Затем наступал черед юмора. Бора (с четырехугольным темным лицом, с резкими чертами) и Брайко с увлечением и очень удачно пародировали певцов. Уже одно появление Алексия на сцене вызывало бурные аплодисменты: всю зиму он пел по-русски: «Ой ты, доля, моя доля... ах, зачем же, злая доля, до Сибири довела?», причем невероятным образом то повышал, то понижал голос. Мы прозвали его Доля Долич, и, прикидываясь огорченным, он не раз спрашивал меня: «Неужели я так фальшиво пою?» Любчо, светловолосый, белолицый, разбитной парень, рассказывал анекдоты, главным образом про крестьян и сапожников. Высокий, худощавый Седов с прозрачными глазами изображал лай собак: пастушеских, охотничьих, лай щенка, когда тот нападает и когда убегает. Седов так постиг все собачьи модуляции, что мы покатывались со смеху на нарах. Иногда Седов изливал свою душу в стихах и читал нам свою оду об операции в Душанцах:
Здесь мы танцевали с милыми своими, потом распрощались и, надежд полны мы, что в душе таили, реку переплыли, на гору взобрались и в лесу собрались. До поры рассветной выстрел здесь не грянет. Здесь приносят клятву наши партизаны — за народ тот бедный умереть спокойно, до пули последней сражаться достойно.Королем анекдота был Мустафа. Эта слава за ним настолько упрочилась, что он вызывал смех уже одной своей улыбкой, раздвигавшей его полные губы на смуглом широкоскулом лице, которое казалось еще темнее от черных глаз и усов. Не было конца историям, вроде следующей. Как-то свинья опоросилась на вершине тополя. «Ой-ой-ой! Не смотрите вниз!» — говорит поросятам.
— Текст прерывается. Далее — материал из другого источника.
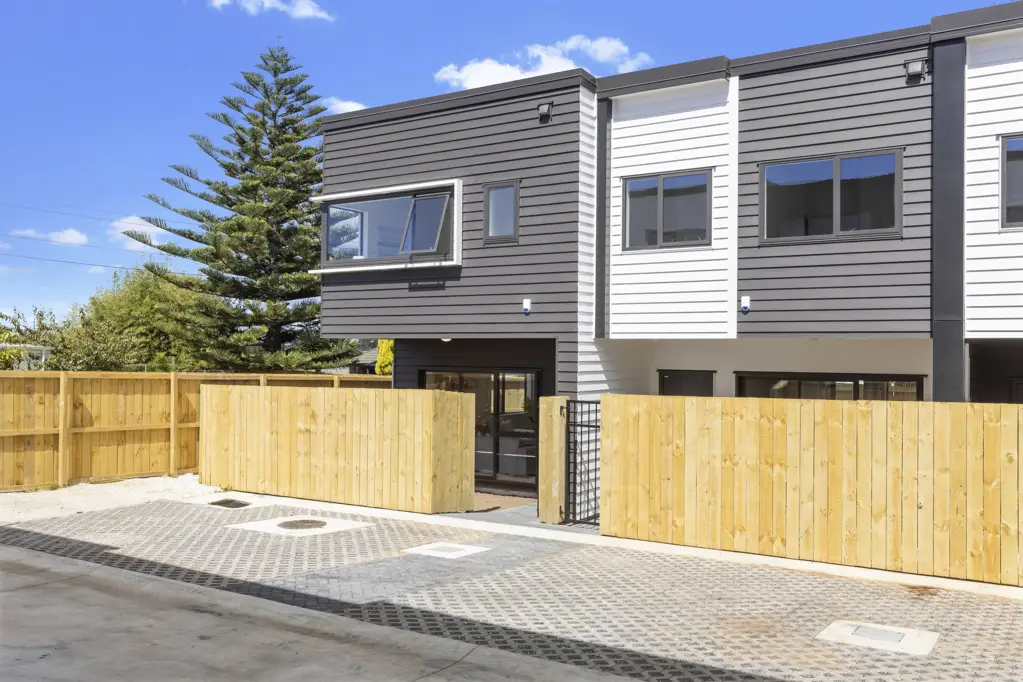 Mount Wellington 3chambre Spacious Brand New Freehold Starter Home & Views!!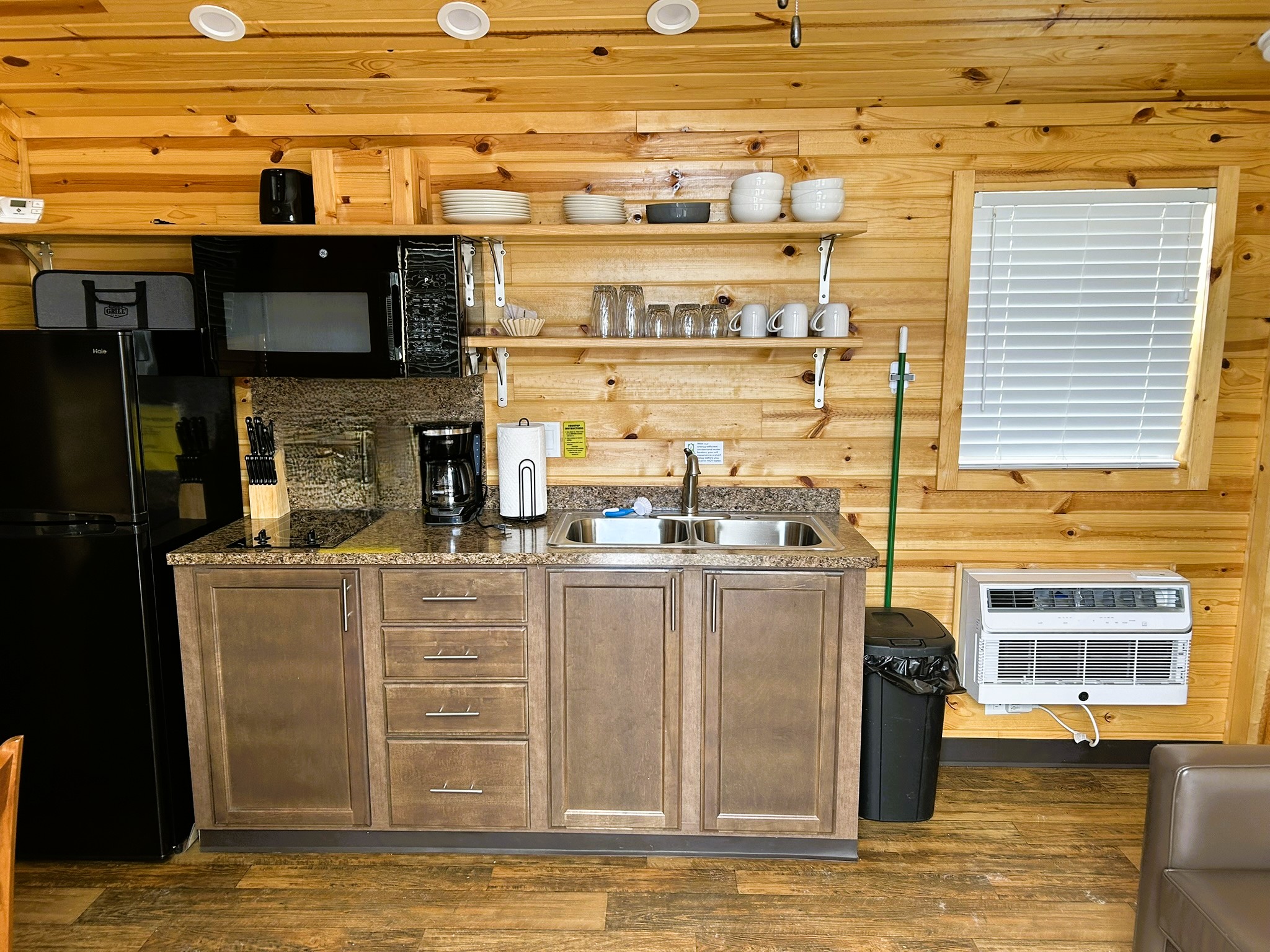 Sheridan/Big Horn Mountains KOA Deluxe Cabin Interior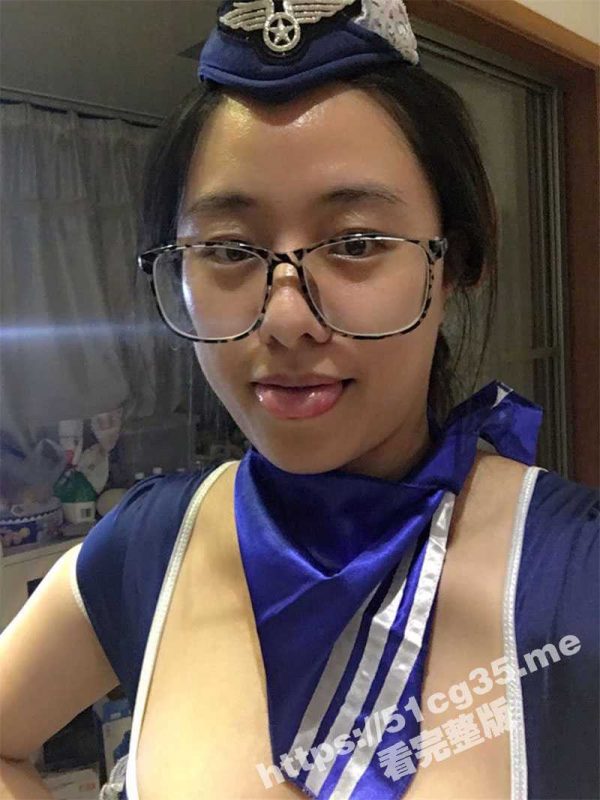极品反差淫妻 陆丽 情趣服诱惑啪啪反差泄密 真的骚到没边了 这种轻熟女能把你榨干吗-51吃瓜网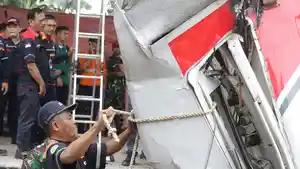 Evakuasi-Gerbong-KRL-yang-Ditabrak-KA-Argo-Bromo-Anggrek_20260428_132325.jpg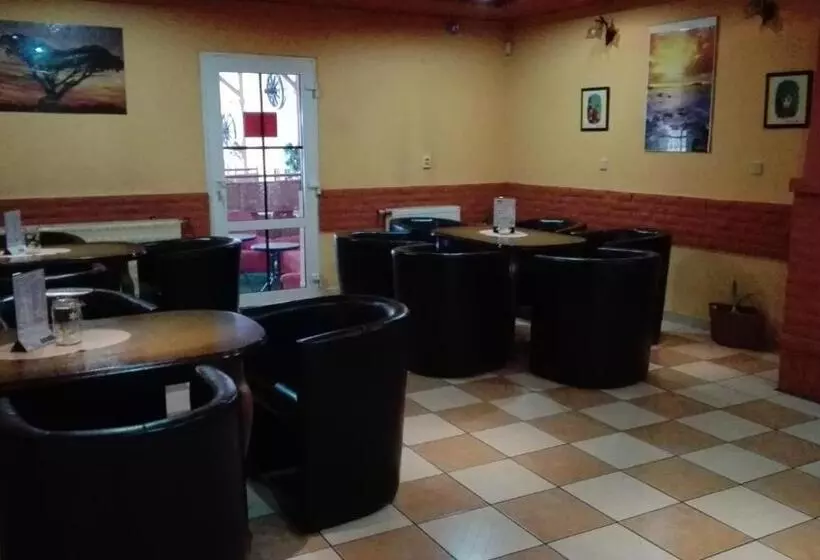 ユースホステル Turistická Ubytovňa Pri Slovenskej Reštaurácii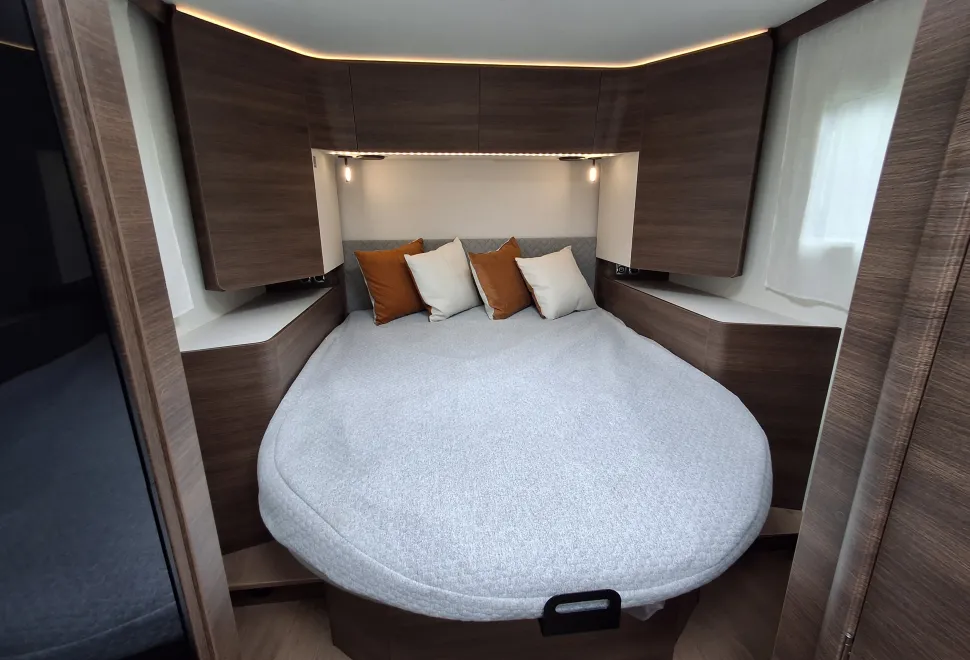 The bedroom inside the Rapido 850F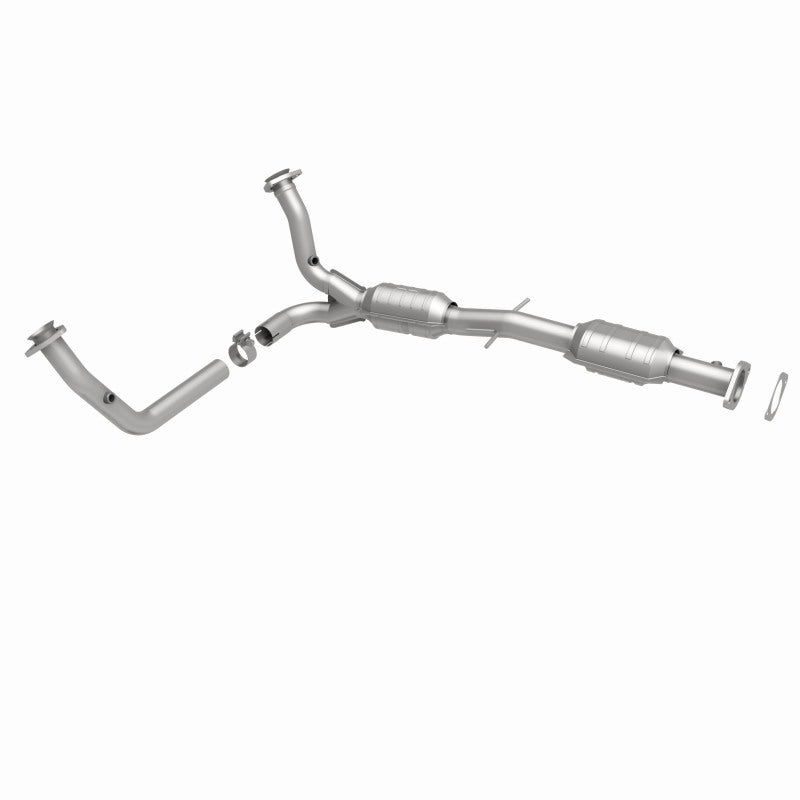 MagnaFlow Direct Fit Catalytic Converter 00-04 S10/Sonoma 4.3L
А те посмотрели, ну и свалились... Удивительные истории он рассказывал о своих трудовых буднях: один корчмарь обанкротился, потому что Мустафа выпивал у него весь лимонад, а какому-то булочнику пришлось закрыть свою пекарню, потому что Мустафа тайком раздавал хлеб подпольщикам.
Мы гасим одну лампу, подкручиваем фитиль в другой. Наступают сумерки.
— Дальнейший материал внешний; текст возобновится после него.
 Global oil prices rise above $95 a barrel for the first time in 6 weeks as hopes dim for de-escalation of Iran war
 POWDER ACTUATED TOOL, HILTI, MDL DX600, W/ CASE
После того как мы прикатили в Смолско на грузовике, Орлин оставил идею о конном отряде и бредил только автомобильным! Ему возражали: «Где в горах дороги? А бензин? Резина?..» «Все возьмем у гадов!» — настаивал он. Так его и прозвали Орлин Камионский[112].
Мы прилегли, разговариваем.
— Эх, Андро, как только вернемся, первым делом схожу в баню.
— А я думал, что сразу же побежишь к своей девушке.
— Ну, понятно! — улыбается он, будто видит ее перед собой. — Проводила она меня и не заплакала. А я обернулся, смотрю: она села прямо на тротуар... Кто знает, увидимся ли еще?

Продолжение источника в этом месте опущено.